Verse 24: And it came to pass, when they brought out those kings unto Joshua, that Joshua called for all the men of Israel, and said unto the captains of the men of war which went with him, Come near, (Ps. 107:40; 110:5; 149:8, 9; Is. 26:5, 6; Mal. 4:3) put your feet upon the necks of these kings. And they came near, and put their feet upon the necks of them.
[He called all the men of Israel] אִישׁ here signifies, either, eminent men, which sort alone undoubtedly he had led with himself on this expedition (thus Masius); or, all the Israelites (thus the Septuagint and the Chaldean in Masius, Malvenda).
[Unto the principal men of the army, אֶל־קְצִינֵ֞י אַנְשֵׁ֤י הַמִּלְחָמָה֙] Unto the leaders of the men of war (Montanus); to the commanders of the military men (Junius and Tremellius) [similarly all interpreters].
[Which were with him, הֶהָלְכ֣וּא אִתּ֔וֹ] Which had gone with him (Montanus); which went with him (Junius and Tremellius) [similarly all interpreters]. In the verb הֶהָלְכוּא the ה in the beginning functions in the place of אֲשֶׁר/who/which, as often happens: but the א at the end is paragogic, which the Massoretes note is found twelve times in the Sacred Books (Masius).
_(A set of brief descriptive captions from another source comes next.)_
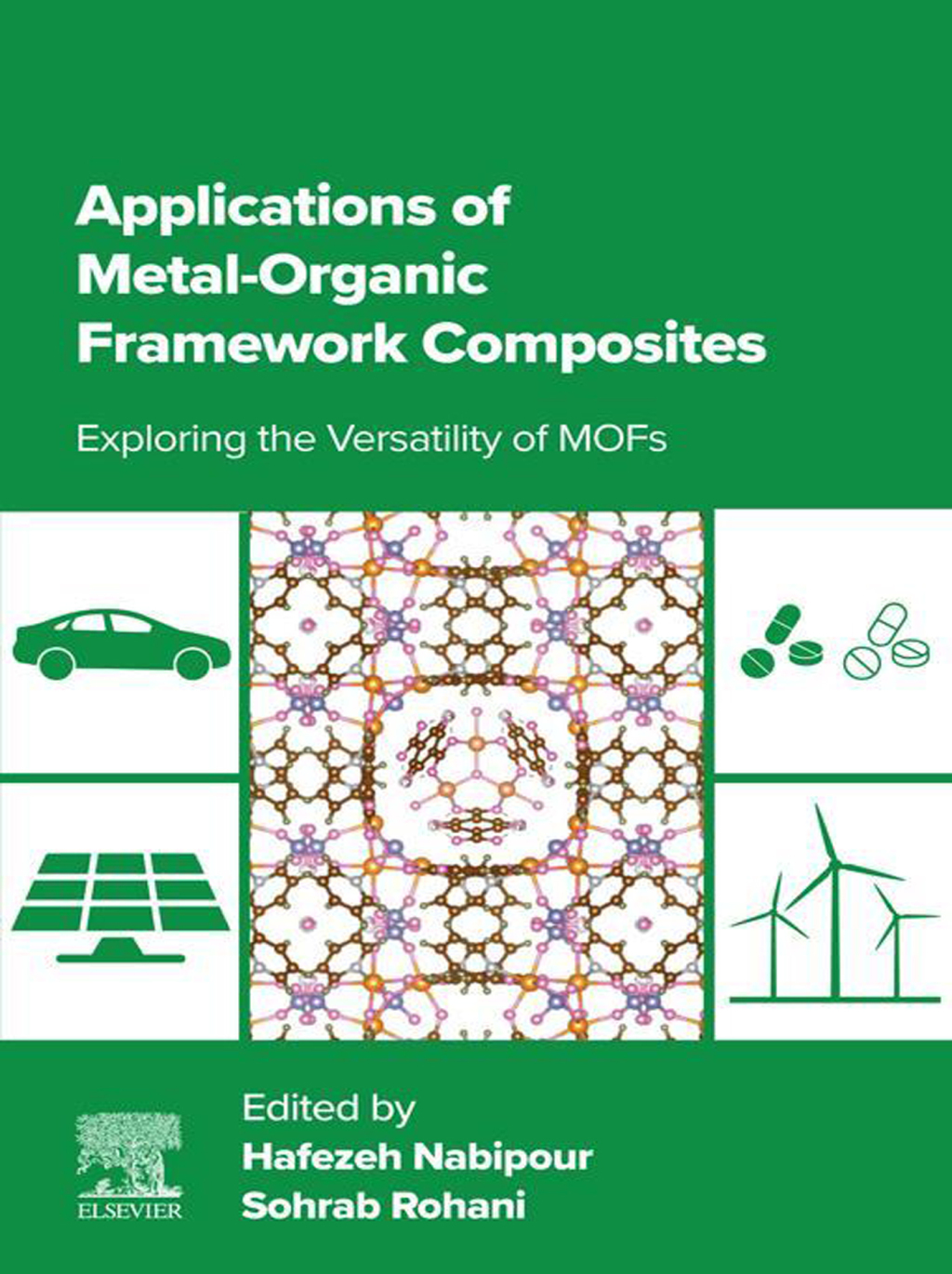 Applications of Metal-Organic Framework Composites Exploring the ...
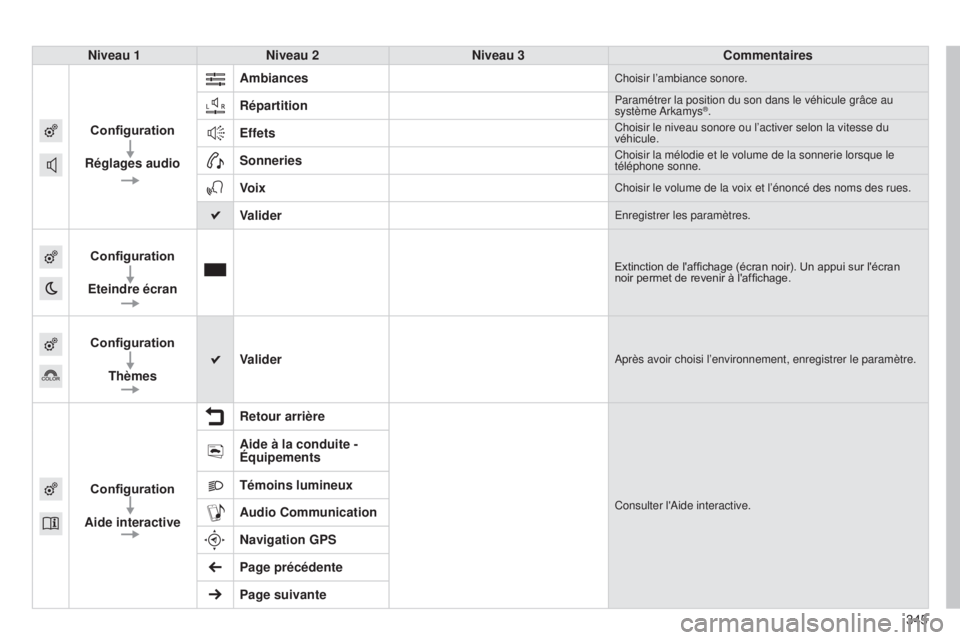 Peugeot 308 2015  Manuel du propriétaire (in French) 345
Niveau 1
Niveau 2 Niveau 3 Commentaires
Configuration
Réglages audio Ambiances
Choisir l’ambiance sonore.
RépartitionParamétrer la position du son dans le véhicule grâce au 
système Arkamy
[Put your feet upon the necks] But this appears to be barbaric inhumanity, to trample upon the necks of Kings that, having been prostrated, were lying as supplicants before his feet. But Joshua did this by Divine instinct, and would have gravely sinned if he had not done it; just like Saul, 1 Samuel 15, and Ahab, 1 Kings 20, when they sinfully spared Agag and Ben-hadad (Masius). Now, this was done, 1. To fulfill the promises of God, Deuteronomy 33:29, Thou shalt tread upon their high places, that is, their necks, according to all translations (Masius). Thus Psalm 91:13; 110:1; 149 (Drusius). 2. So that he might increase confidence in his own (Lapide, Menochius, Masius) in these beginnings of the greatest and most difficult battle (Masius). For this was a symbol of utter subjection (Bonfrerius). 3. So that he might exact deserved punishments from these most impious tyrants (Lapide). That is, because the crimes of Kings harm many by example, therefore, they ought deservedly to be removed with sharper punishment (Masius). 4. So that he might keep his own at a greater distance from their superstitions and sins, whom they see pay such heavy penalties to God (Masius, Lapide). 5. When they saw that no mercy was extended to the Kings, the people were armed against a twisted and vicious mercy, by which otherwise perhaps they would have entertained friendly feelings towards some Canaanites. You will say, They were thus trained to vengeance. Response: It is one thing to avenge injuries received privately; it is another to avenge that for the punishing of which the sword is presented to us, is extended into our hands, as it were, by God (Masius).
Put your feet upon the necks of these kings: this he did not from pride and contempt of their dignity in itself; but, partly, as a punishment of their impious rebellion against their sovereign Lord; partly, in pursuance of that curse of servility due to all this people, Genesis 9:25; partly, as a token to assure his captains that God would subdue the proudest of them all under their feet; and partly, to oblige and teach his people severely to execute the judgment of God upon them, and not to spare any of them, either out of a foolish pity, or out of respect to their dignity, as Saul afterwards spared Agag to his own ruin.
 Hebrew: וַ֠יְהִי כְּֽהוֹצִיאָ֞ם אֶת־הַמְּלָכִ֣ים הָאֵלֶּה֮ אֶל־יְהוֹשֻׁעַ֒ וַיִּקְרָ֙א יְהוֹשֻׁ֜עַ אֶל־כָּל־אִ֣ישׁ יִשְׂרָאֵ֗ל וַ֠יֹּאמֶר אֶל־קְצִינֵ֞י אַנְשֵׁ֤י הַמִּלְחָמָה֙ הֶהָלְכ֣וּא אִתּ֔וֹ קִרְב֗וּ שִׂ֚ימוּ אֶת־רַגְלֵיכֶ֔ם עַֽל־צַוְּארֵ֖י הַמְּלָכִ֣ים הָאֵ֑לֶּה וַֽיִּקְרְב֔וּ וַיָּשִׂ֥ימוּ אֶת־רַגְלֵיהֶ֖ם עַל־צַוְּארֵיהֶֽם׃
 Hebrew: וַיִּקְרָ֙א יְהוֹשֻׁ֜עַ אֶל־כָּל־אִ֣ישׁ יִשְׂרָאֵ֗ל.